Like Andrea, I want to tell you not to give up and to stay positive ... but I too am guessing that you don't want or need to hear that right now?
What I will say is that I hope, with all my heart, that you can in time pull together those pieces and find a way of eventually making your dream come true.  I believe, truely believe, that you will.

Thinking of you, hun
Love and Hugs
Dee
xxx


----------



## Pilchardcat (Feb 1, 2003)

Awwwww Dear Lou

I'm so sorry to read this   There are so many people on here who deserve a massive break in all this and you & Adam are amongst them....I truely wish something to happen that will make things work in your favour just once.

Sending loads of love to you both
Amanda xxx


----------



## Mummytoone (Mar 23, 2002)

Thank you, Ive just had enough


----------



## momo (Apr 12, 2005)

Hi Lulu,

I really feel for you and it must be an awful setback for you.

Like mel said, can you try a private or voluntary adoption society in your area- these are listed on the dfes website?www.dfes.gov.uk/adoption/linksandaddresses/vaa.shtml - 47k - 31 Jan 2006 .

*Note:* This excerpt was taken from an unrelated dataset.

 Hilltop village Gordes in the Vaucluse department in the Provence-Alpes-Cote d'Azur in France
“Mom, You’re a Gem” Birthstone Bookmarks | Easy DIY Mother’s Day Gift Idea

We are using an agency rather than our LA and although we are having problems in the amount of time it is taking - at least we hope to get somewhere eventually.  They also offer children from acrooss the UK- rather than being limited to your LA.

Whatever you decide, good luck and best wishes to you both.

Momox


----------



## *Kim* (May 5, 2002)

Lou

I am lost for words to say to you. Although as the others have said no words are going to make things better for you. I just cant believe after all you have been through and that is more than enough for anyone that you have had this happen.
I really wish i could wave a magic wand or something. Everyone on here deserves some luck but there are some, you included who would have done everything to have a child and give that child a good loving home and yet your knocked back every way. Life can be absolute crap sometimes. I am sorry and i really do hope you get to realise your dream somehow and someway i do think you would make a great mummy even though we have never actually met.

Love Kimx x x


----------



## saphy75 (Mar 15, 2004)

Awww Lou i feel absolutely gutted for you hun  just don't know what else to say   praying things start to go right for you 

pam xx


----------



## alex28 (Jul 29, 2004)

Lou - im so sorry you feel you have had enough - you and adam will make wonderful parents and its the agencies loss for letting you go.

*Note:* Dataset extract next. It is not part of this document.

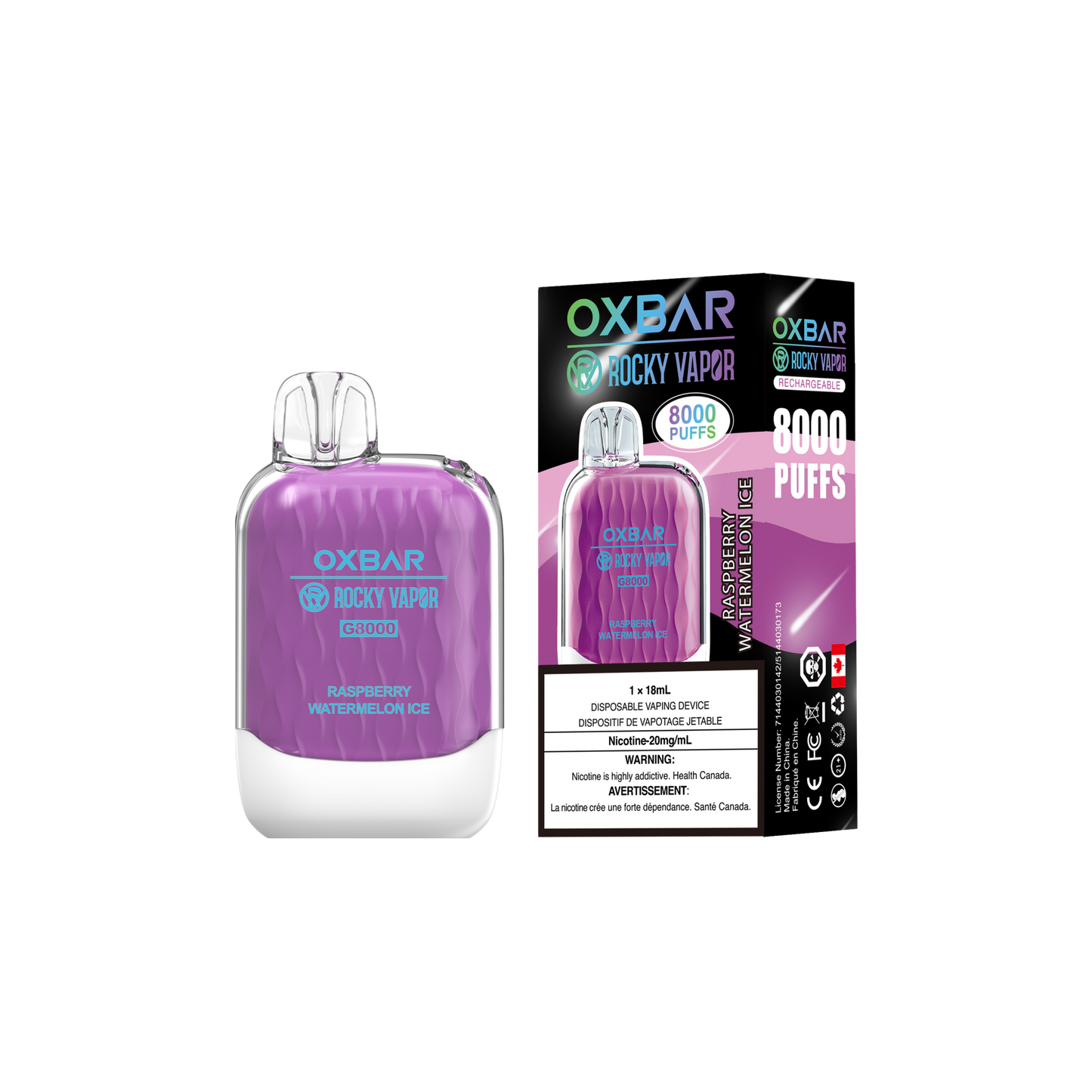 Oxbar Rocky Vapor G-8000 - Raspberry Watermelon Ice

You will get thru this i know you will but you must print off all these replies and pin them on your fridge so when you are feeling a little down you can read our comments and it will hopefully remind you how far you have travelled and you are only a short way off getting your dream.

Love and hugs from me to you and hope to see you back soon. 

Alex xxx


----------



## Jennifer (Jul 22, 2004)

Lou - I am so sorry - It must seem the whole world is against you now 

Please know that we are all thinking of you and hope that your dreams do come true somehow - I am sure this is not the end of the road for you.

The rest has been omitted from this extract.